2.6. Evaluation Metrics and Analysis
Detector performance was quantified on both validation and test sets using precision, recall, mAP@0.5, and mAP@0.5:0.95 (area under the precision–recall curve across IoU thresholds from 0.50 to 0.95 in 0.05 increments) computed by the YOLO evaluator with the aforementioned non-maximum suppression and confidence settings. We additionally reported detection coverage on the test set, defined as the proportion of images with at least one accepted nose detection (confidence ≥ 0.1).
Agreement between predicted and ground-truth nasal indices on the test set was assessed by the mean absolute error (MAE) in NI units, the root mean squared error (RMSE), and the coefficient of determination (R2) computed as the squared Pearson correlation between aNIdet and aNImask. Images without an accepted detection were excluded from aNI error calculations but are inherently reflected in the detector metrics and coverage. We estimated 95% CIs by nonparametric bootstrap with 2000 image-level resamples (seed = 12,345) for MAE and macro-F1; accuracy 95% CI used the Wilson method. Bland–Altman limits and CIs followed the standard normal-theory approach. LOESS curves used a span of 0.6 (statsmodels), shaded with bootstrap bands.

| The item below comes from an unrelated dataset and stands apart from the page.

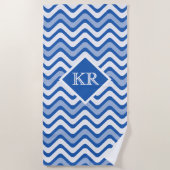 Summer Blue Zickzack Zig Zag Streifen Monogramm Strandtuch (Vorderseite)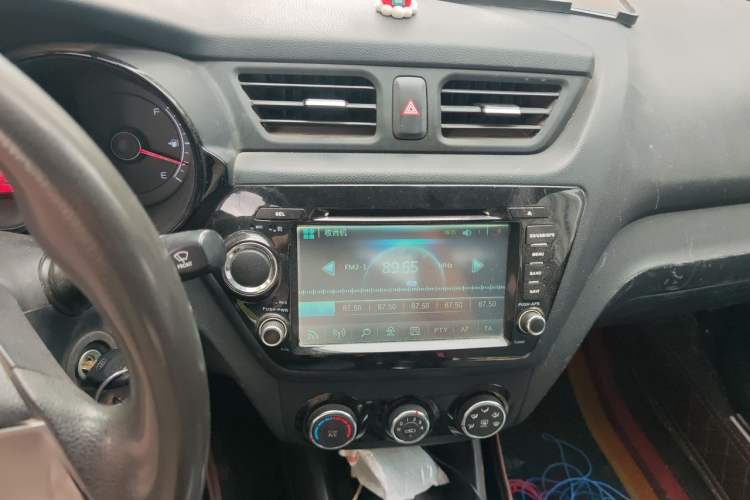 Used Kia K2 2015 Sedan 1.4L MT GLS Audio And AC Panel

For categorical performance we compared mask-derived classes against detector-derived classes on the test set using overall accuracy, macro-averaged F1-score (unweighted mean of class-wise F1 across the five defined categories), and the confusion matrix. Consistent with the labeling policy, images with out-of-range nasal index (aNI < 40.0 in either reference, mask-derived or detector-derived) were excluded from the five-class metrics but their counts were reported. All statistics were computed once on the held-out test set with the fixed split; no cross-validation or model ensembling was performed. To quantify ordinal consistency, we computed weighted Cohen’s κ (linear and quadratic) and Spearman’s ρ between mask- and detector-derived classes. To summarize near-misses, we report adjacent-class (within-one-bin) accuracy. Robustness to threshold choice was assessed by shifting all anthropometric cut-points ±2 NI units and recomputing 5-class metrics. Attribute-level consistency was explored by repeating analyses after merging with CelebA attributes (Male, Young, coded 1/−1). Images with aNI < 40.0 in either axis remained excluded from categorical metrics, consistent with our main protocol. On the test set, non-accepted images (no detection above the confidence threshold) were 1/3001 (0.03%), corresponding to 99.97% detection coverage; additionally, 24/3000 (0.8%) of accepted detections were out-of-range (aNI < 40.0) and therefore excluded from five-class metrics.
4. Discussion
This study demonstrates that a lightweight deep learning pipeline can accurately and reliably estimate the nasal index (NI) from a single frontal photograph, achieving performance on par with manual measurements. The one-class YOLOv8n detector localized noses in virtually all test images (99.97% detection coverage), establishing a robust foundation for measurement. Predicted apparent NI values showed strong agreement with ground truth mask-derived NI, with a mean error of only ~3 NI units (MAE = 3.04, RMSE = 4.05) and high correlation (R2 = 0.819). In practical terms, this error is small—roughly 20% of one anthropometric category width—indicating that the model’s estimate typically falls within the correct nasal type or at most an adjacent category. Consistent with this, the five-class classification achieved an overall accuracy of 80.7% and a macro-average F1-score of 0.705. Misclassifications were largely limited to adjacent categories (e.g., mesorrhine vs. leptorrhine) rather than large errors. These results validate the efficacy of our automated pipeline: it not only detects the nose reliably but also provides an NI measurement with precision approaching that of manual methods. Agreement and robustness analyses further support the reliability of the approach. Ordinal metrics (κ ≈ 0.7–0.8, ρ ≈ 0.76) show that the detector preserves the rank order of nasal categories, and the almost-perfect adjacent-class accuracy (0.999) confirms that remaining errors are small borderline swaps rather than gross misclassifications. Stability of performance under ±2 NI threshold shifts and across sex and age subgroups indicates robust generalization within our curated near-frontal dataset.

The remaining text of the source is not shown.